§ Task prompt:
All of the entries, apart from their pictures, are to be copied verbatim.

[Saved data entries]

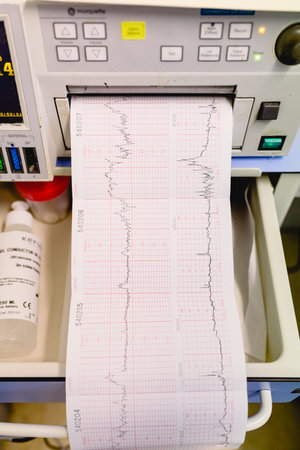 Valencia, Spain - October 25, 2018: Graphic with electrocardiogram of a pregnant woman during a...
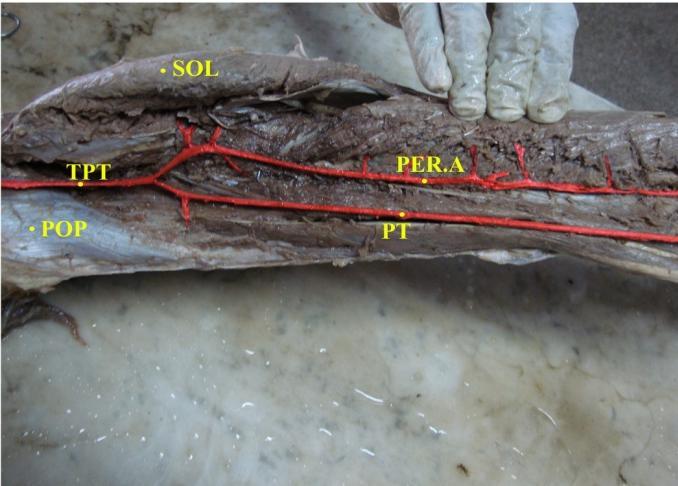 In upper 2/3 rd of leg, the artery was superficially covered by soleus. In the posterior surface of tibia the artery was superficially covered by fasciae and skin.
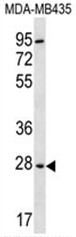 AP50385PU-N - Bisphosphoglycerate mutase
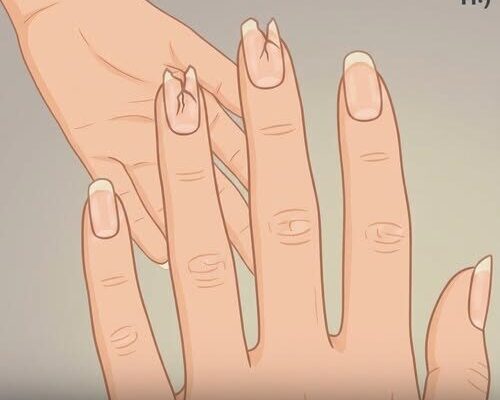 What Your Nails Reveal About Your Health — Warning Signs You Shouldn’t Ignore – Dogrupara News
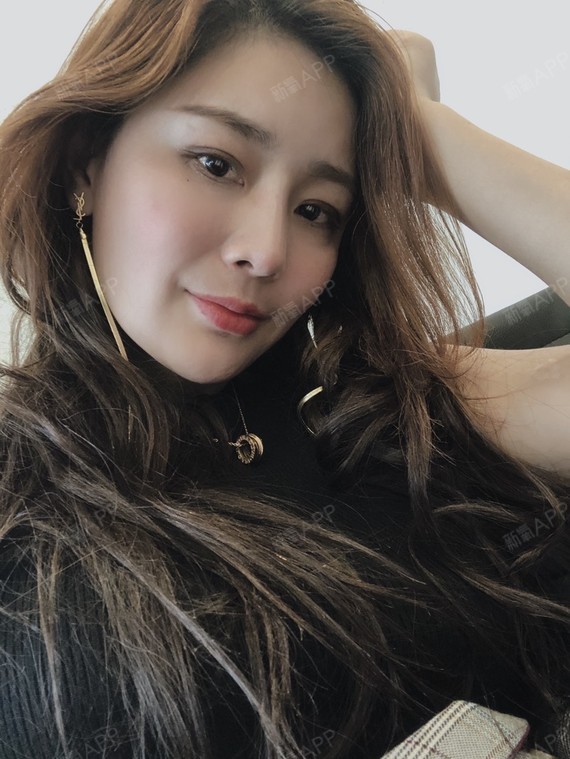 自体脂肪填充全脸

§ Answer to the problem:
 Valencia, Spain - October 25, 2018: Graphic with electrocardiogram of a pregnant woman during a...
 In upper 2/3 rd of leg, the artery was superficially covered by soleus. In the posterior surface of tibia the artery was superficially covered by fasciae and skin.
 AP50385PU-N - Bisphosphoglycerate mutase
 What Your Nails Reveal About Your Health — Warning Signs You Shouldn’t Ignore – Dogrupara News
 自体脂肪填充全脸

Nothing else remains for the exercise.